Szemeredi's theorem

In this post I would like to discuss Szemeredi's theorem, a cornerstone of additive combinatorics, and some of the ideas that go into one of the many proofs. What follows is a discussion of just one possible approach, and the interested reader is encouraged to search for other proofs.

A subset $A$ of the natural numbers is said to have positive upper density if $\limsup \frac{|A \cap \{1, 2, \dots, n\}|}{n}>0$. Szemeredi's theorem asserts that in any subset $A$ of the natural numbers with positive upper density and for any positive integer $k$ there exists an arithmetic progression of length $k$. Equivalently, defining $r_k(N)$ to be the largest possible size of a subset of $\{1, 2, \dots, N\}$ without an AP of length $k$, that for any $k$, $r_k(N) = o(N)$.

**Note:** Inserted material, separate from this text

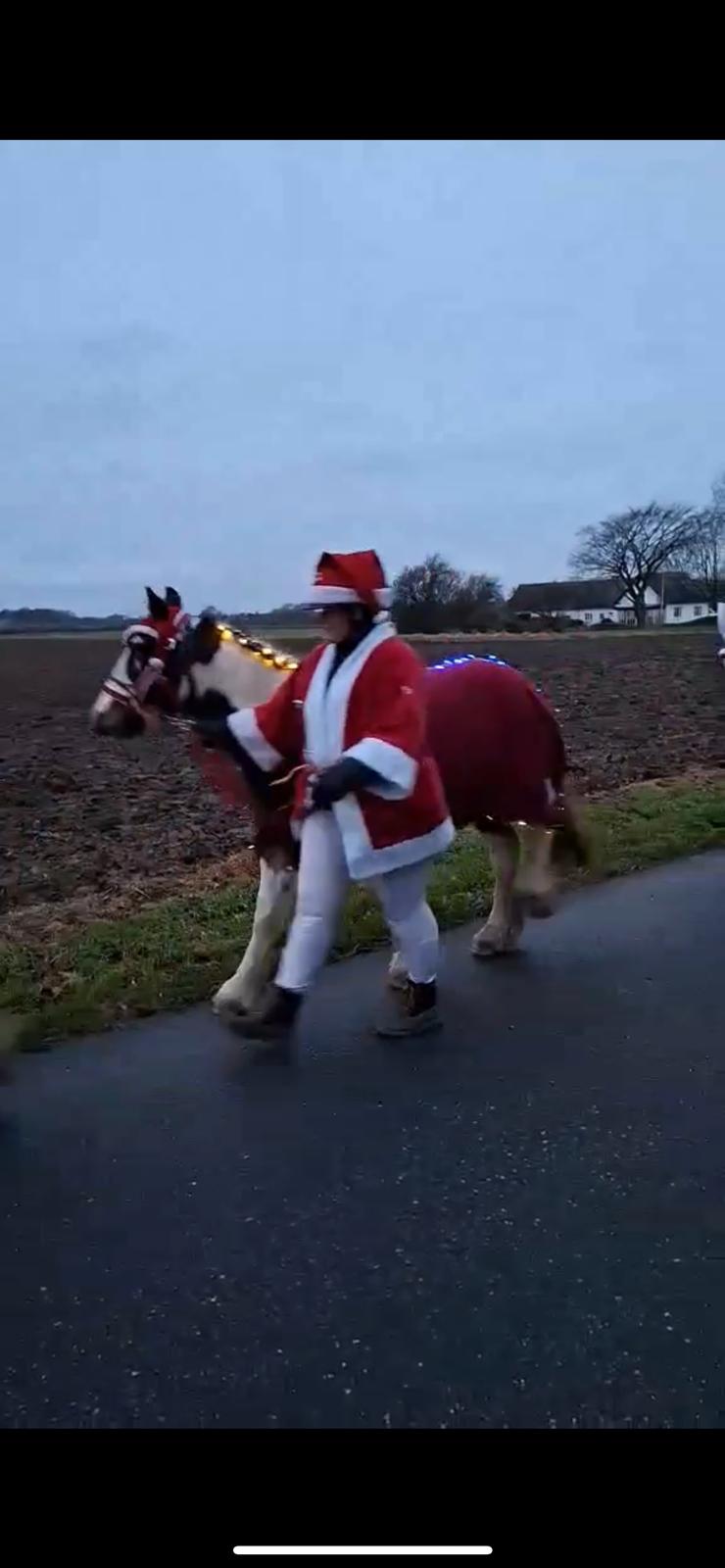 Tinker Ahlmann's brown girl tessa ( Solgt)  billede 9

This is a theorem that shows the large amount of structure underlying large subsets of the positive integers, which at least in hindsight should motivate the approach we present. We'll mostly be following Wikipedia because, rather unusually for mathematics, that had the cleanest and best exposition I could find about this topic.

Definitions 
  • Let $U, W$ be disjoint subsets of $V$, with $|V| = n$. The edge density $d(X,Y)$ of the pair $(X,Y)$ is defined to be proportion of possible edges between $U,W$ that actually exist, i.e. $\frac{|E(X,Y)|}{|X||Y|}$.
  • For $\epsilon>0$ a pair of vertex sets $X,Y$ is called $\epsilon -$regular if for all subsets $A \subset X, B \subset Y$ such that $|A|\geq \epsilon |X| $ and $|B| \geq \epsilon |Y|$ we have  $|d(X,Y)-d(A,B)| \leq \epsilon$. This means that any sufficiently large subsets approximate the edge density to $\epsilon$ precision.
  • A partition of $V$ into sets $V_1 \dots V_k$ is called an $\epsilon-$regular partition if $\sum_{(V_i,V_j) \text{not } \epsilon-\text{regular}} |V_i||V_j| \leq \epsilon |V(G)|^2$
  • The energy of the pair $(U,W)$ is defined as:
\[q(U, W) := \frac{|U||W|}{n^2} d(U,W)^2,\] where $d(U,W)$ is the edge density between $U$ and $W$. For partitions $\mathcal{P}_U = \{ U_1, \ldots, U_k \}$ of $U$ and $\mathcal{P}_W = \{ W_1, \ldots, W_l \}$ of $W$, define \[q(\mathcal{P}_U, \mathcal{P}_W) := \sum_{i=1}^k \sum_{j=1}^l q(U_i, W_j).\] Finally, for a partition $\mathcal{P} = \{ V_1, \ldots, V_k \}$ of $V$, define \[ q(\mathcal{P}) = \sum_{i=1}^k \sum_{j=1}^k q(V_i, V_j) = \sum_{i=1}^k \sum_{j=1}^k \frac{|V_i||V_j|}{n^2} d(V_i, V_j)^2. \]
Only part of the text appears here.